OpenAI unveils Jalapeño, its first custom AI inference chip built with Broadcom

OpenAI and Broadcom have unveiled Jalapeño, the company’s first custom-designed inference processor, a chip built from the ground up for large language model workloads, marking a strategic shift into hardware for the AI company.

“Jalapeño was designed from scratch around its deep understanding of LLM fundamentals, informed by its roadmap of models, kernels, serving systems, and product needs,” OpenAI said in the announcement. Broadcom CEO Hock Tan handed the first wafer to OpenAI CEO Sam Altman and President Greg Brockman.

The chip was developed from design to production in just nine months, accelerated by OpenAI’s own models. Early testing shows that the first-generation accelerator delivers performance per watt “substantially better” than current state-of-the-art hardware, according to the company, though independent benchmarks have not yet been published.

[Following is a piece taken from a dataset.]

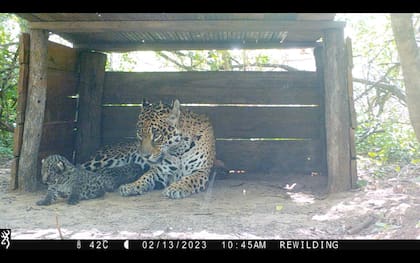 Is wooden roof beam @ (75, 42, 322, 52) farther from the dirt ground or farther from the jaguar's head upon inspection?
the dirt ground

Jalapeño is designed specifically for inference, the process of running pre-trained models in response to user commands, rather than for training frontier models, which OpenAI says will still rely on Nvidia hardware. The chip is the first in a multi-generation compute platform OpenAI and Broadcom are building together, with Celestica handling board, rack, and system integration and Broadcom contributing silicon manufacturing and Tomahawk networking chips.

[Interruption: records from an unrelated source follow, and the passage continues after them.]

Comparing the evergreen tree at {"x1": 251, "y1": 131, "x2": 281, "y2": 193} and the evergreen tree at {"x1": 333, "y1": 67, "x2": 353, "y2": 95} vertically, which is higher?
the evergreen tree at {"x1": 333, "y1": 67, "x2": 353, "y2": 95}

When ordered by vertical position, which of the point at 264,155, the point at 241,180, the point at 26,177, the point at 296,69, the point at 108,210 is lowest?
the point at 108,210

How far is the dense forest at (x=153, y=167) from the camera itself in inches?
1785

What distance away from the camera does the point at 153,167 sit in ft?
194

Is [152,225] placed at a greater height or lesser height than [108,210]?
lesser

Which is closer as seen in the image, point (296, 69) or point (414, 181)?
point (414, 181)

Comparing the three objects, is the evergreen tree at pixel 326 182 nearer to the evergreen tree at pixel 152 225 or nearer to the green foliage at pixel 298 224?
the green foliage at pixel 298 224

Engineering samples of Jalapeño are already running machine learning workloads in the lab at production target frequency and power, including workloads based on GPT-5.3-Codex-Spark. OpenAI says the chip is designed with flexibility to work with all LLMs, not just its own.

Large-scale deployment is planned for late 2026 at gigawatt scale with data center partners. Broadcom has reportedly required Microsoft to guarantee it will buy approximately 40 percent of the chips to secure the first phase of production.

The chip represents OpenAI’s stated strategy of controlling the full stack, from chip architecture and kernels through memory systems, networking, scheduling, and product experience, to make its models faster, more reliable, and more affordable. The move mirrors similar strategies by Google (TPU) and Amazon (Trainium), both of which have built custom AI accelerators to reduce dependence on general-purpose Nvidia GPUs for inference tasks.

“This is part of our long-term full-stack infrastructure strategy to make compute more abundant,” OpenAI President Greg Brockman said. “By designing more of the stack ourselves, we can serve more intelligence with greater efficiency.”